(ANSA) - Rome, September 26 - Jonas Ash Carpignano's 'A
Ciambra' is Italy's candidate for the best foreign-language
Academy Award at the 2018 Oscars, a selection committee at the
Italian National Association of Film, Audiovisual and Multimedia
Industries (ANICA) decided on Tuesday.
The list of films nominated is set to be announced on January
23 ahead of the ceremony in Los Angeles on March 4.
The film by the Italian-American director focuses on a Roma
community in the Calabrian coastal town of Gioia Tauro, a story
of crime and deep family ties.
It centers on a 14-year-old Roma boy Pio, played by the young
Pio Amato, with the rest of his family acting alongside him.
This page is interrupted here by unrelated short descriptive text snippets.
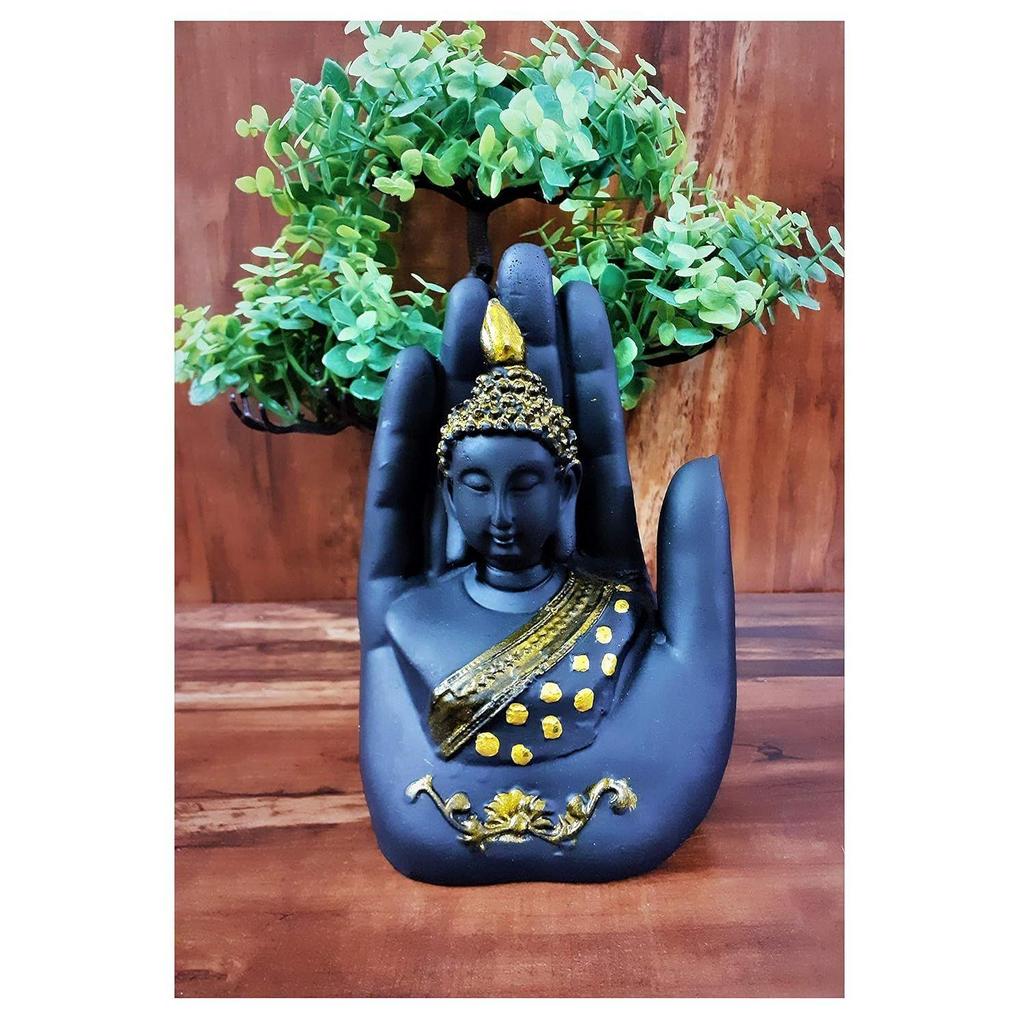 Black Palm Gautam Buddha Statue for Home Decoration Hand Buddha Statue for Living Room Garden Budh Showpiece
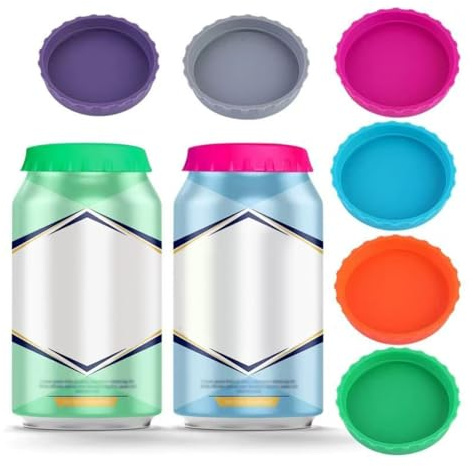 6Pcs Silicone Can Lids, Leakproof Dustproof Drink Can Covers for Soda & Fizzy Drinks, Reusable Can Covers for Travel, Beach, Camping & Fishing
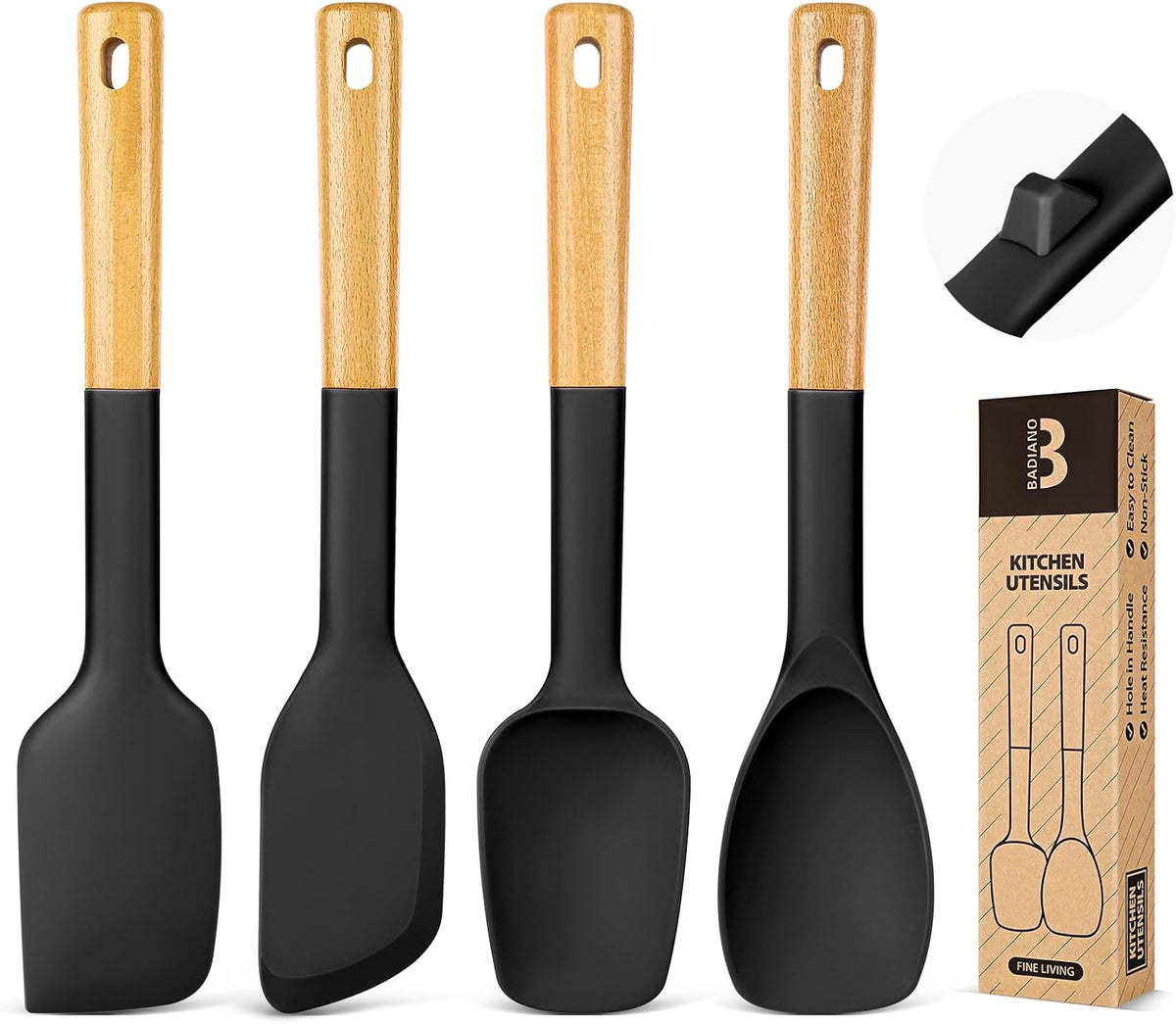 Silicone Spatula Spoon Set for Nonstick Cookwares, 4 Pack, Grey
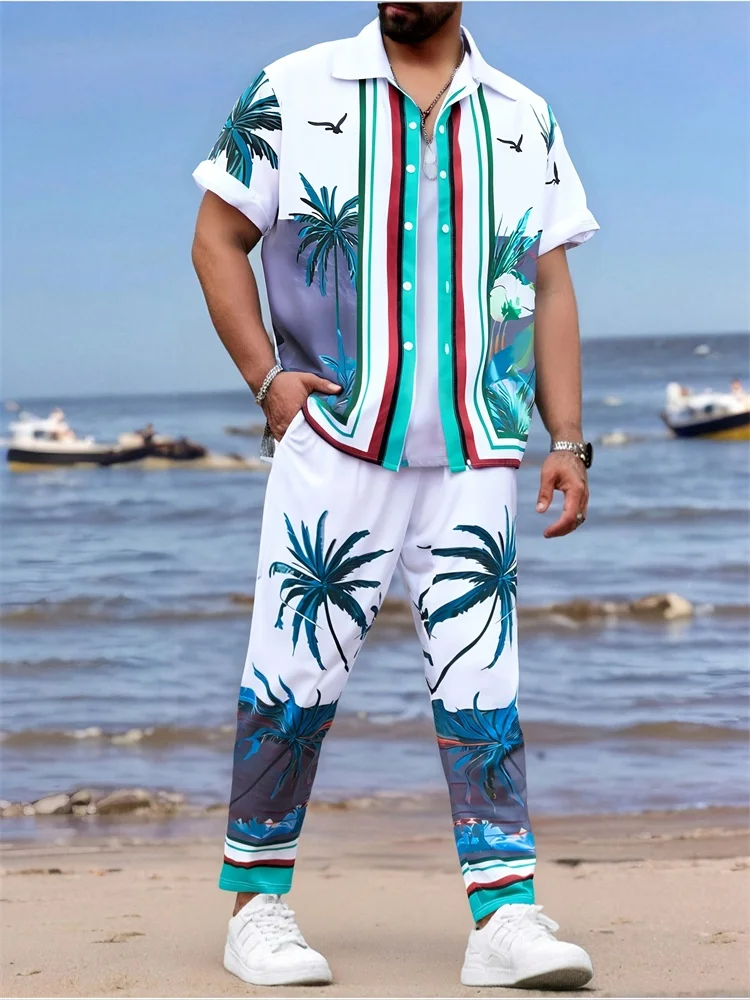 

Men's Hawaiian-style Tropical Palm Print Short-sleeved Shirt Set, Loose Two-piece Set For Casual Vacations （ S - 2xl）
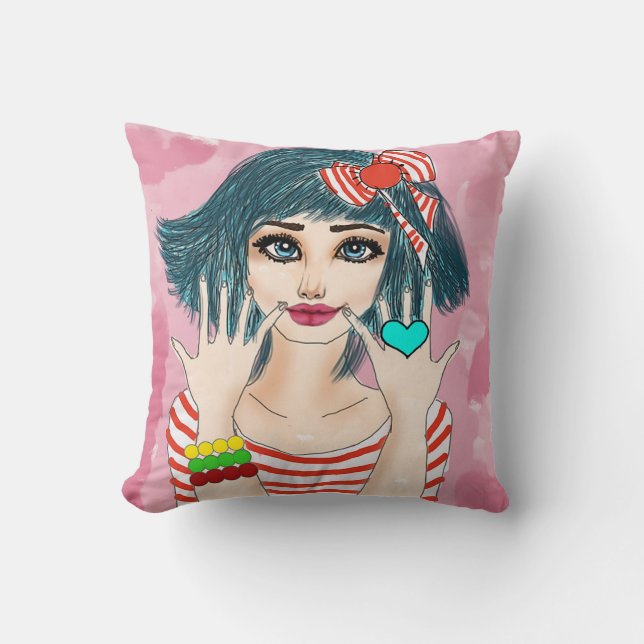 Mädchen mit rotem Bandkopf 16 Zoll x 16 Zoll Kissen (Vorderseite)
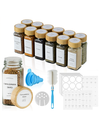 ToughHub 12 Pcs Glass Spice Jars with Bamboo Lids – For Herbs & Kitchen Organizer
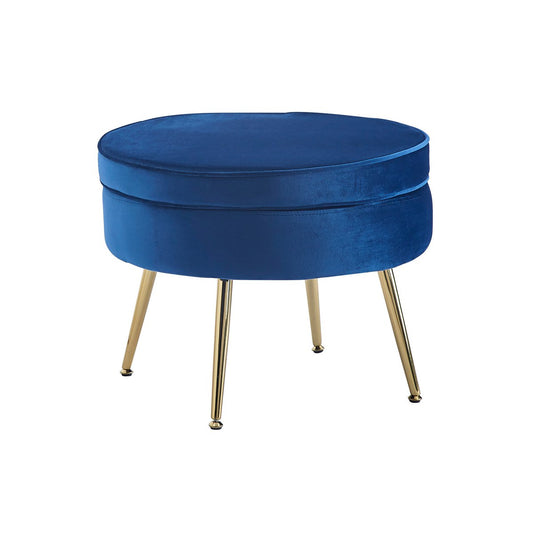 Sitzpouf rund aus Samt Dunkelblau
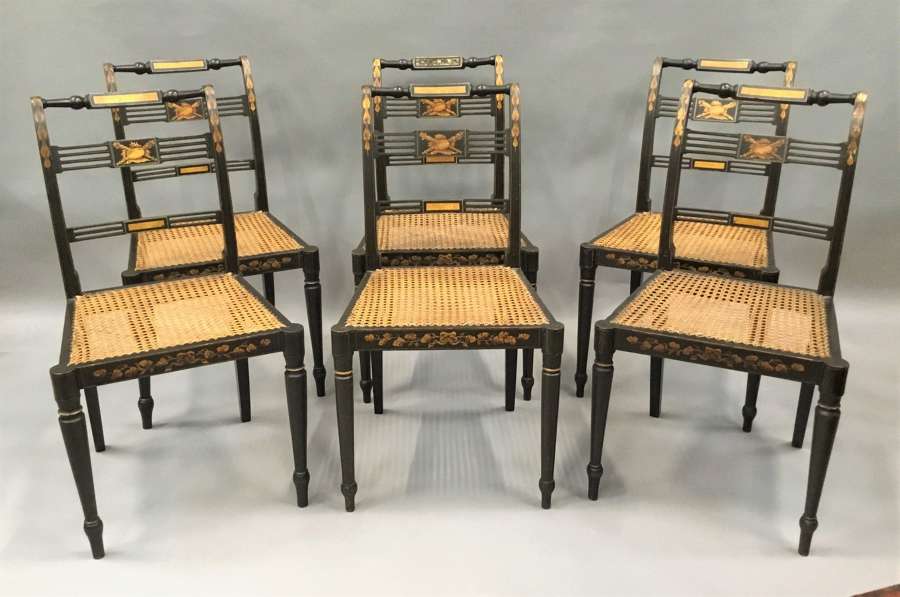 Regency set of 6 painted and parcel gilt chairs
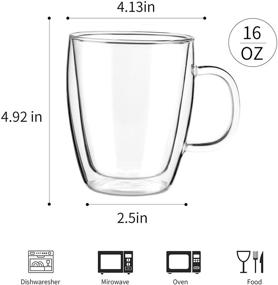 img 1 attached to 🔥 Set of 4 Double Wall Glass Coffee Mugs - 16 Ounces, Clear Insulated Cups with Handle for Cappuccino, Tea, Latte, and More - Heat Resistant, Beverage Glasses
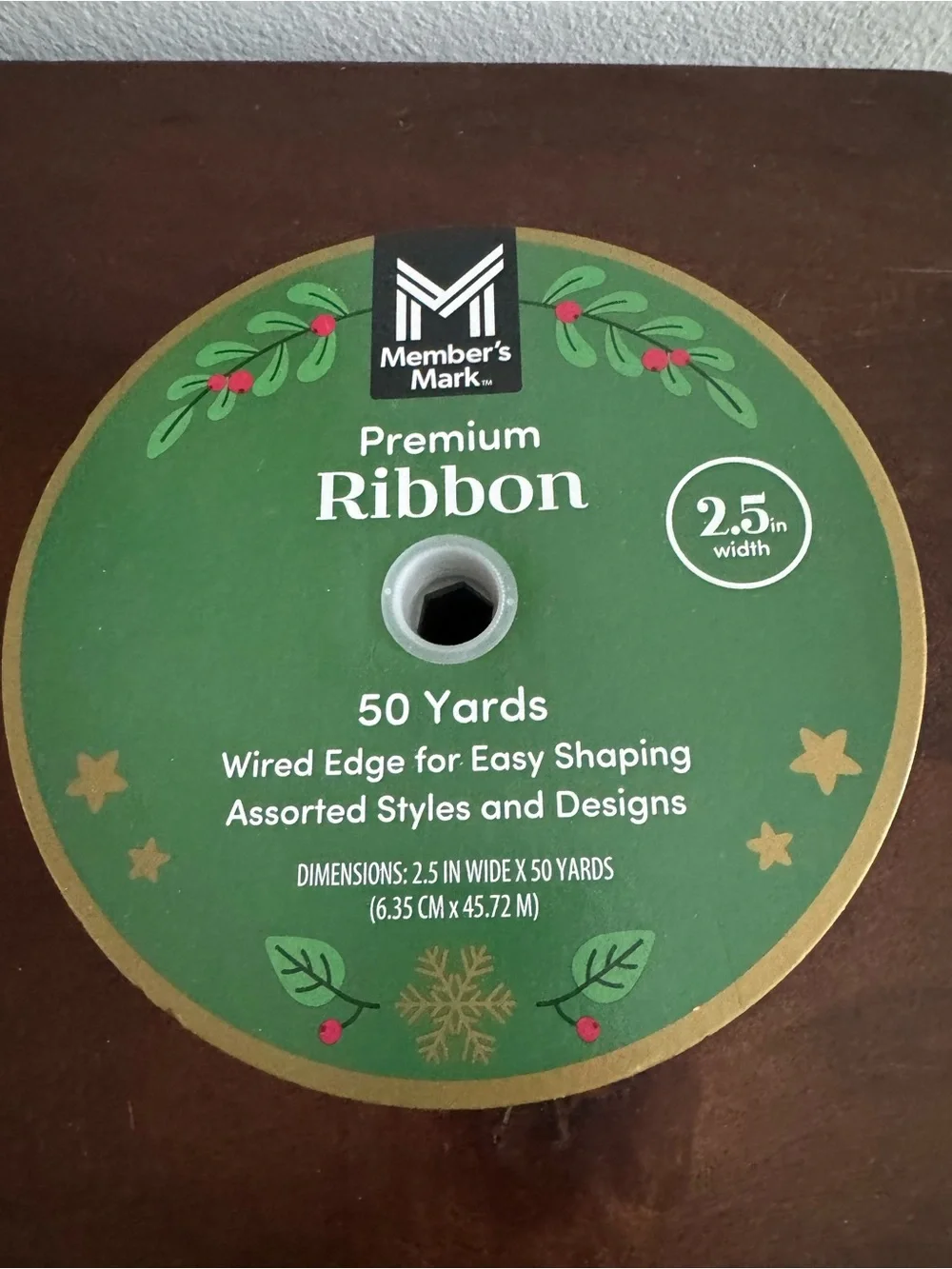 Holiday Snowflake Ribbon in Light Mint Green, 50 yds, NWT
Co-producing the film was film legend Martin Scorsese, who
chose it for support from a fund created with other producers to
help emerging directors.
Scorsese has called the film "beautiful and touching".
Carpignano, 33, said he got drunk "as a preventative measure"
after hearing the news that his latest film has been nominated
to represent Italy at the Oscars.
"I celebrated until dawn with my gypsies. We drank, we danced
the 'tarantella' and took Saint Cosmas and Damian on parade," he
told ANSA.
"This is a very important celebration here in Calabria and I
have not missed it for the past four years," he added.
"The news of my nomination to represent Italy at the Oscars
makes me very happy. Of course I was hoping for this. Now I'll
continue getting drunk."
After being presented in the Cannes Film Festival's Quinzaine
des Realisateurs section, where it won the Europa Cinema Label,
the film has been in cinemas since August 31.
The film is entirely set in the Roma community in Italy's
southern Reggio Calabria region.
"(Producer) Martin Scorsese," he added, "congratulated me. He
is rooting for me and we hope that this helps this film on its
long road ahead, which has only just begun".
It is the second film by the 33-year-old, whose
African-American mother is from New York but raised in the
Barbados and whose father is from the Italian capital.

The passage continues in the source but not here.